Reproduce the lines below exactly, from the one containing "Businessman hand pushing" through the one containing "Colorful makeup palette", both included. Leave out any pictures.

Scraped caption text data:
-.-.-

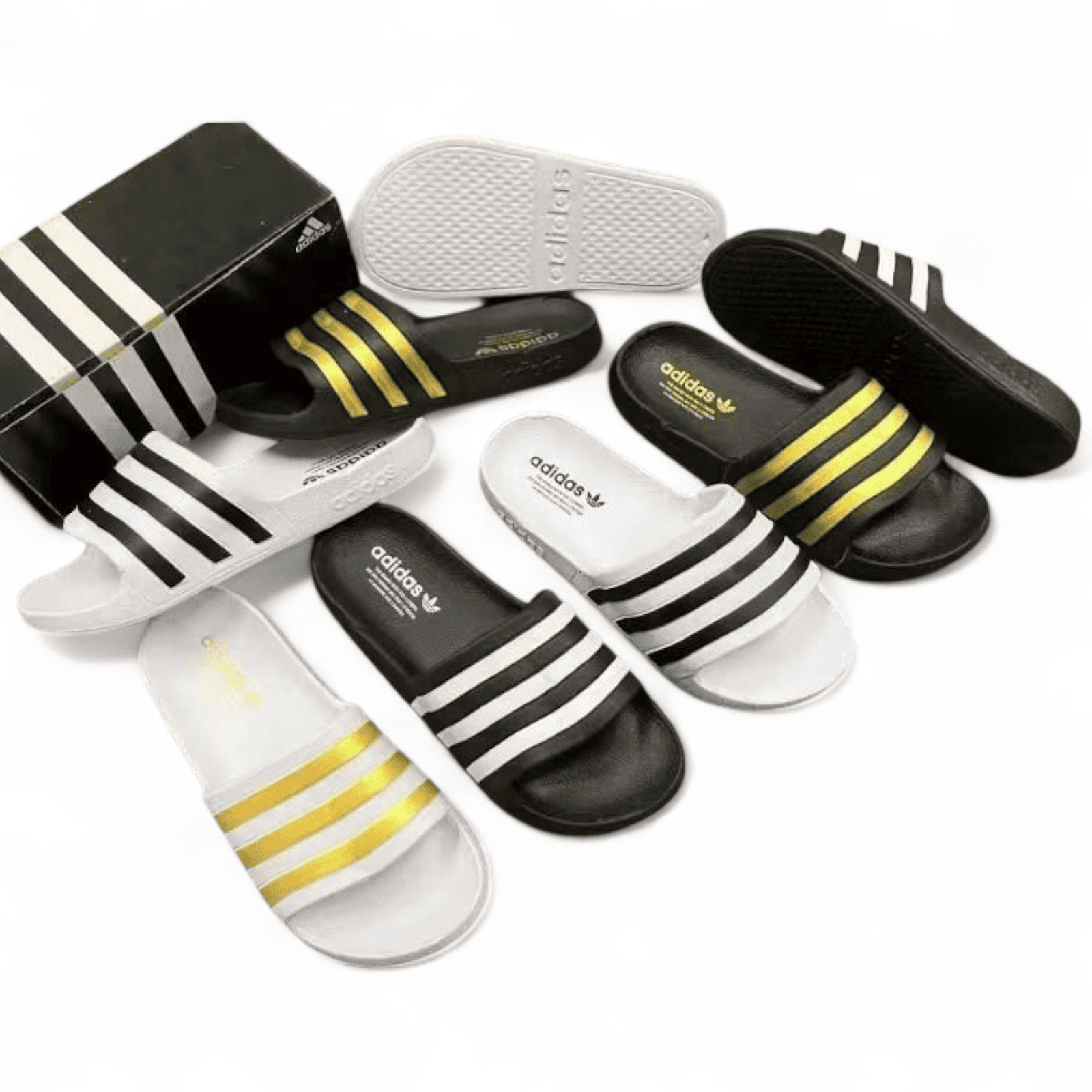rn-image_picker_lib_temp_e0a9af7a-53bb-4dce-9f95-e3dc143591d5 | AE JERSEY Assorted Adidas slide sandals in black and white with yellow stripes, arranged around a black Adidas box.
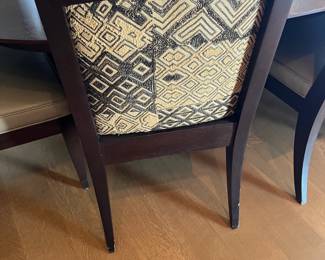 A backside view showing the Kuba cloth on the back of each chair.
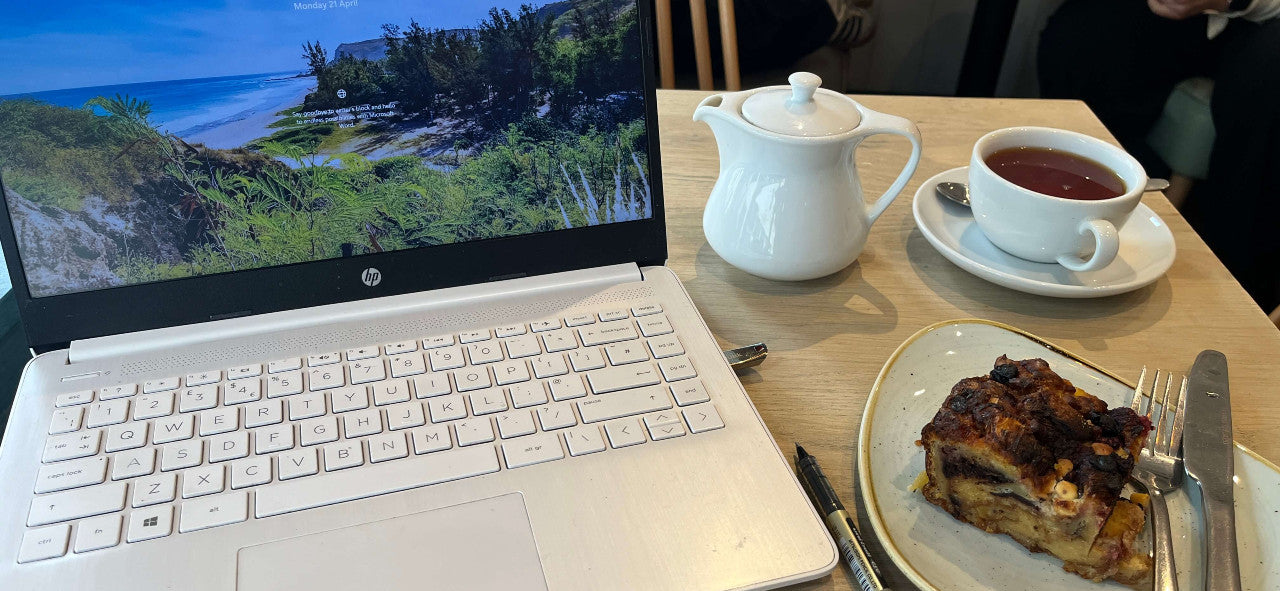 a laptop, with tea and cake
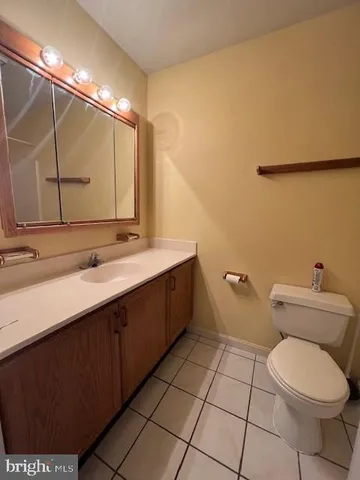 a bathroom with a sink mirror vanity and toilet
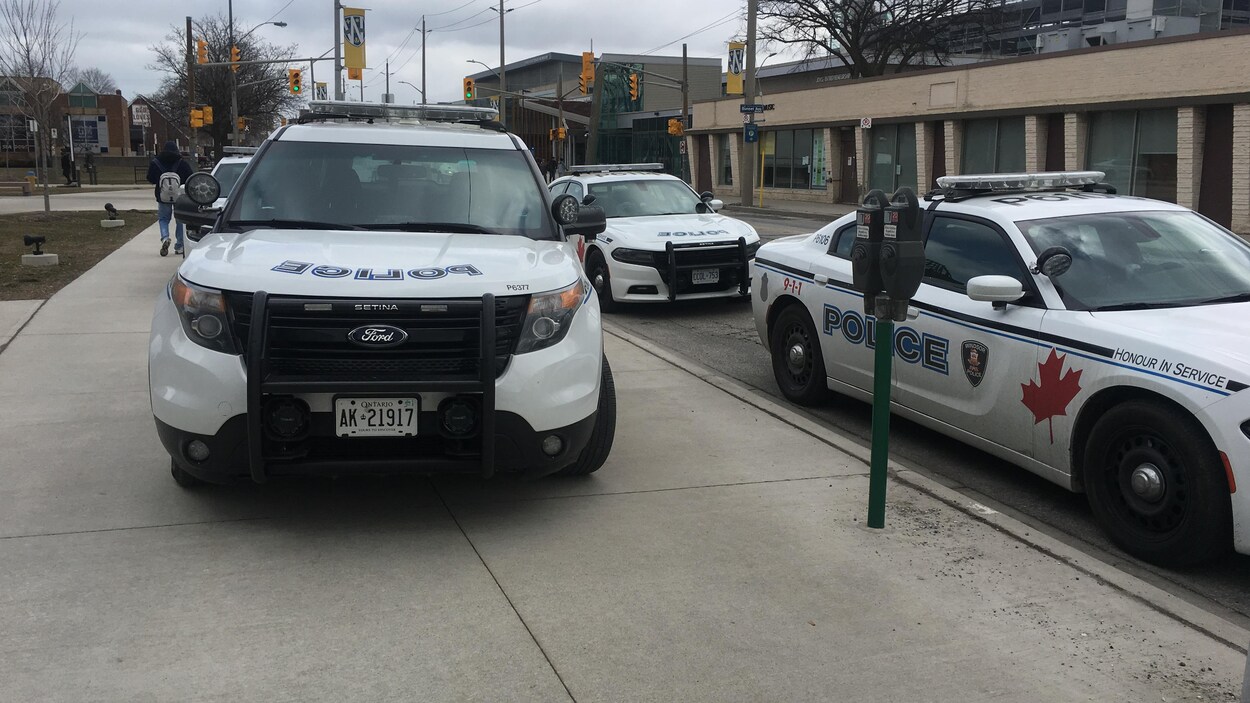Plusieurs voitures de police sont stationnées. Plusieurs voitures de police sont stationnées.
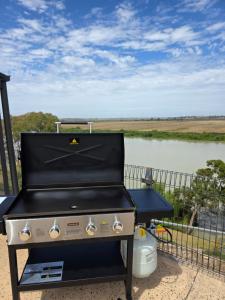 a grill on a porch with a view of a river at RiverBed Rise in Tailem Bend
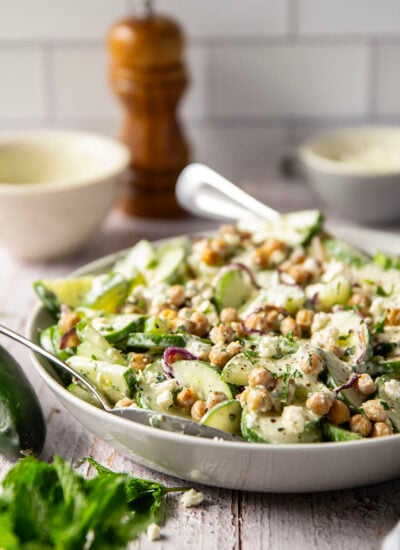 Crispy roasted chickpeas, crunchy cucumber slices, and a cool, creamy mint dressing work incredibly well together in this quick and easy chickpea cucumber salad.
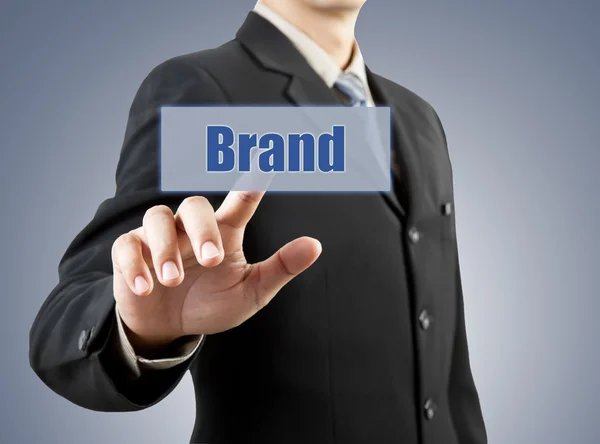 Businessman hand pushing brand button — Stock Photo, Image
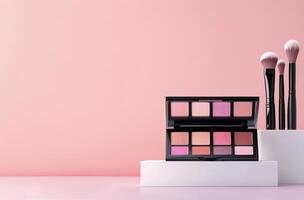 Colorful makeup palette and brushes arranged on a white platform with a soft pink background photo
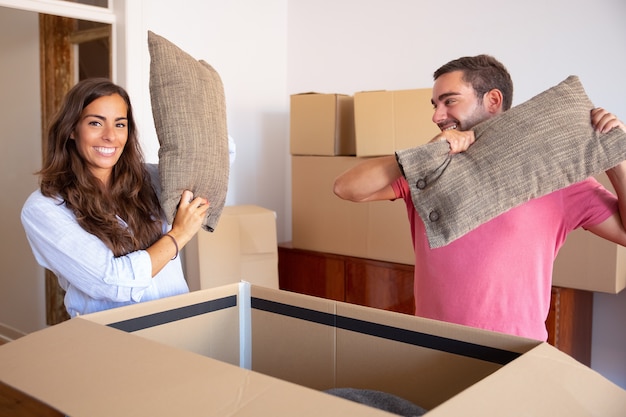 Позитивно возбужденные молодой мужчина и женщина достают подушки из открытой картонной коробки, наслаждаются перемещением и распаковкой вещей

-.-.-

-- Response --
 Businessman hand pushing brand button — Stock Photo, Image
 Colorful makeup palette and brushes arranged on a white platform with a soft pink background photo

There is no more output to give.